Describes the methods for providing representation in criminal defense and civil, juvenile, and appeals cases in 28 states and the District of Columbia. The report details various aspects of indigent defense delivery systems by jurisdiction, such as type of litigating attorneys, cases closed, caseload standards and guidelines, funding sources, fees for representation, how indigence is determined, role of advisory boards or commission, and standards for assigned or appointed counsel. Data are from the 2013 National Survey of Indigent Defense Systems, the first census of all methods of providing indigent defense services in the United States.
- Of the 28 states and the District of Columbia that had state-administered indigent defense systems in 2013-
- Twenty-seven states and the District of Columbia had either governmental or nongovernmental public defenders providing representation for indigent clients. - Eight states and the District of Columbia required indigent clients to pay both an application fee to receive representation and recoupment for legal services provided. - In nine states the governor appointed the chief executives of the indigent defense delivery system. - Six states reported fewer than 10 full-time equivalent investigators on staff for public defender offices.
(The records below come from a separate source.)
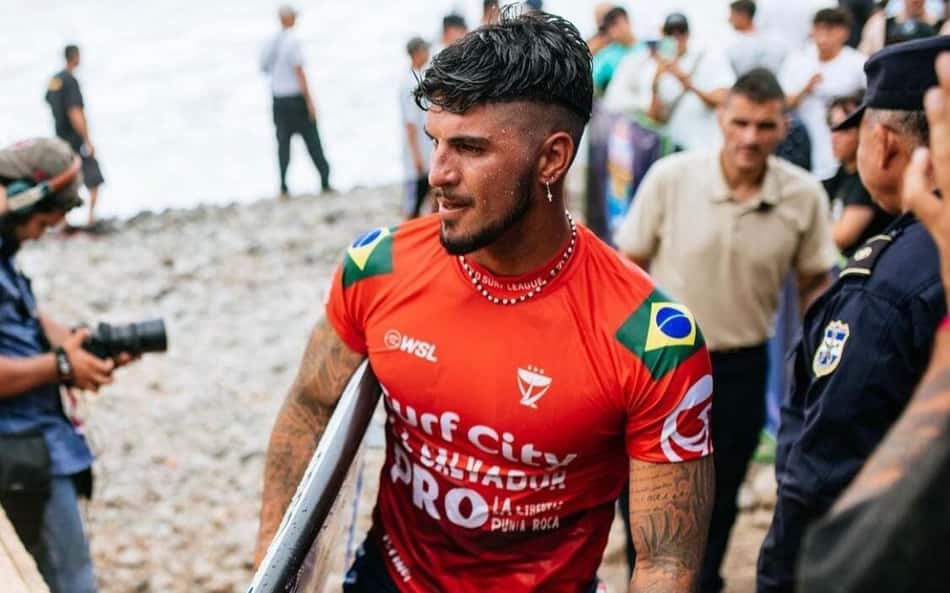 Gabriel Medina registra 'passinho' de funk antes de iniciar treinamento no Rio de Janeiro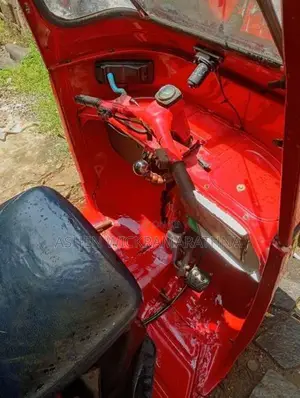 Bajaj RE 1995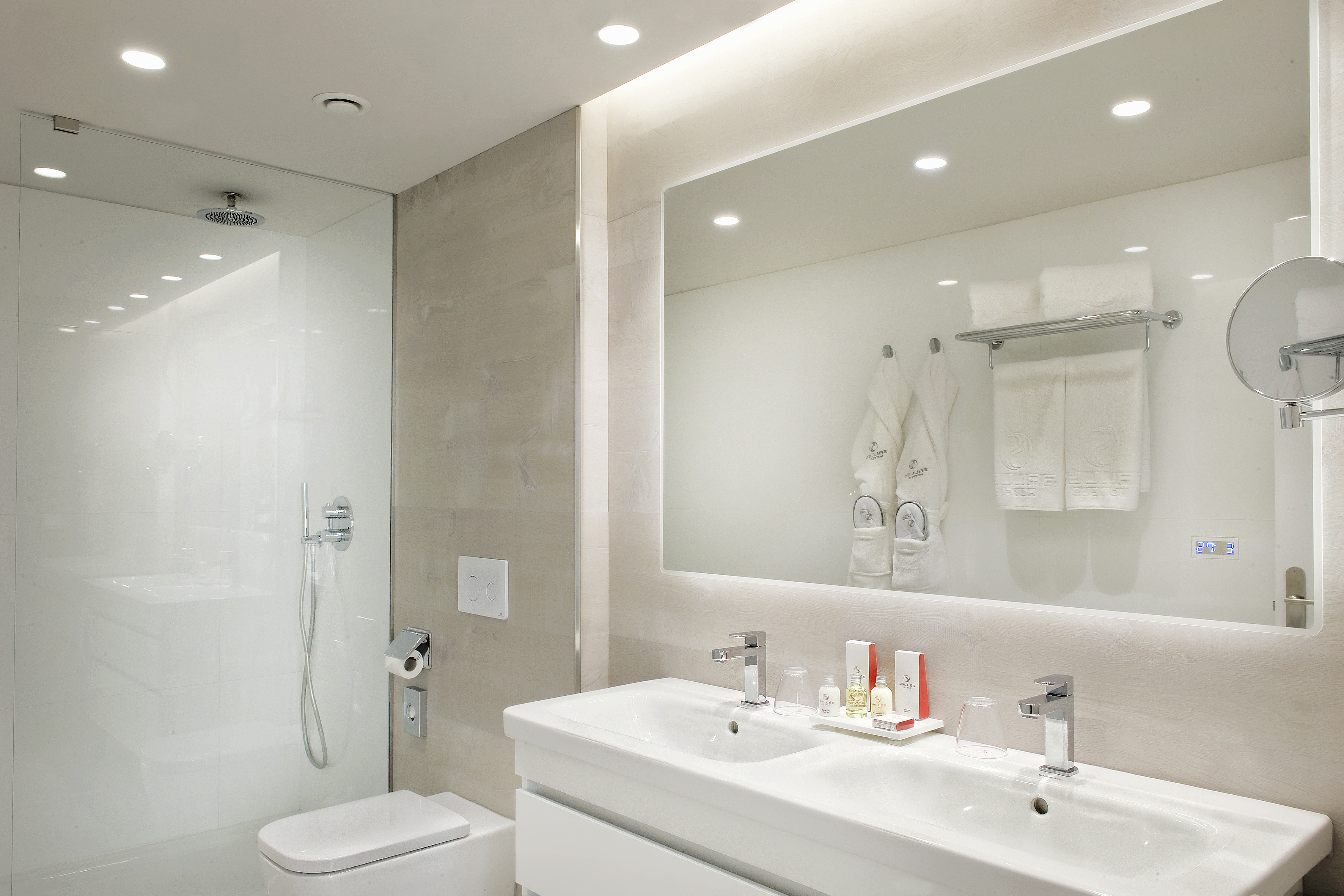 Double or Twin Deluxe with Terrace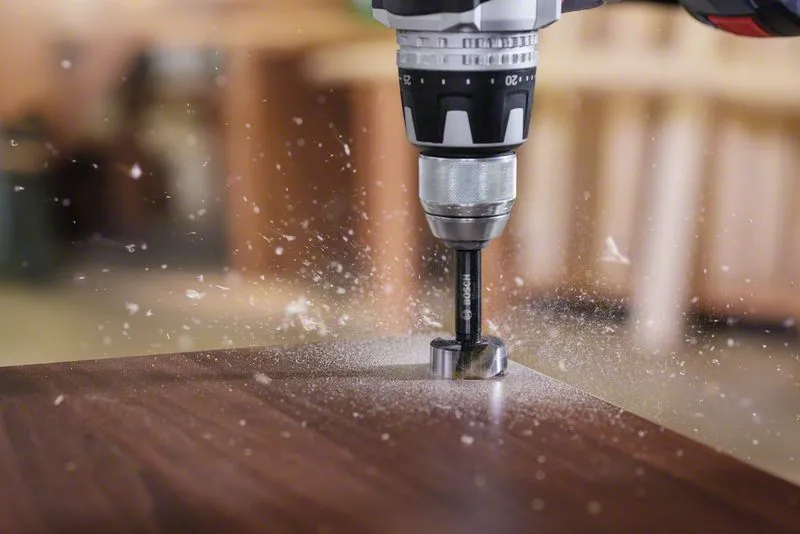 BOSCH Tas Menteşe Açma Ucu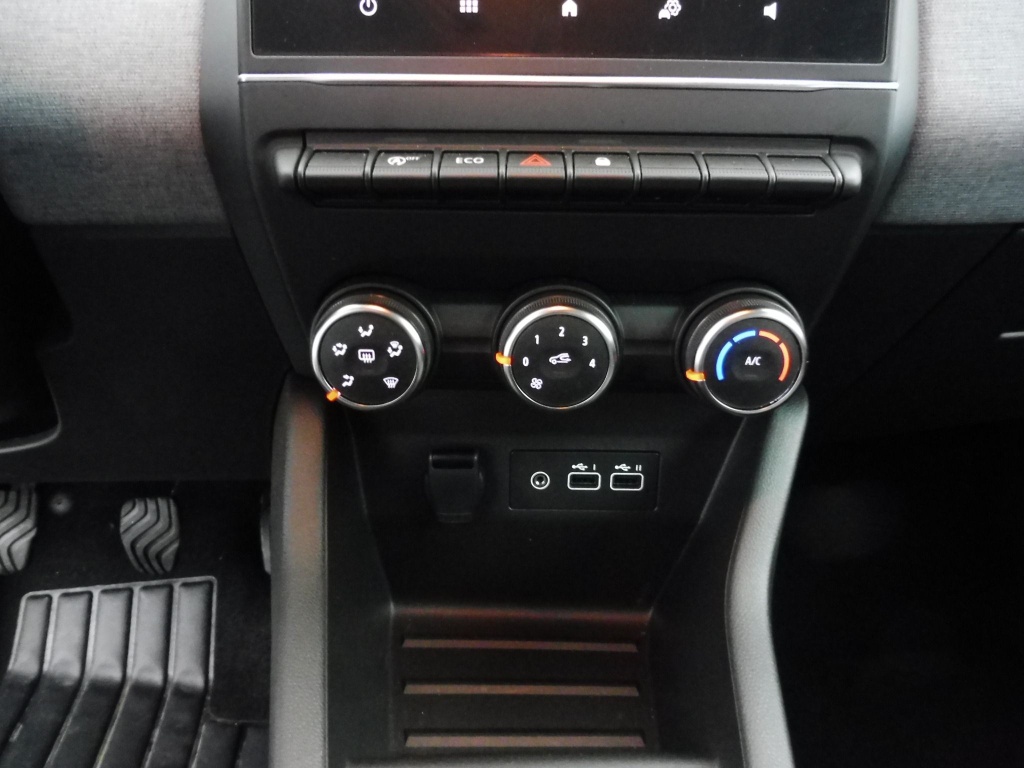 72519_p51 - RENAULT - CLIO - 2025 - photo 7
- Between 2007 and 2013, 16 of the 22 states with state-administered public defender offices increased the number of full-time equivalent litigating attorneys.
- In 2013, state-administered systems closed an estimated 2,696,950 criminal, appellate, civil, and juvenile cases.
The number and types of cases closed, number of full-time litigating attorneys, and caseload calculations were updated for Connecticut, Kentucky, North Carolina, and Virginia. These changes were made based on feedback from indigent defense experts in those states. The Methodology was updated to include more detail about universe identification and calculation of full-time equivalent workloads.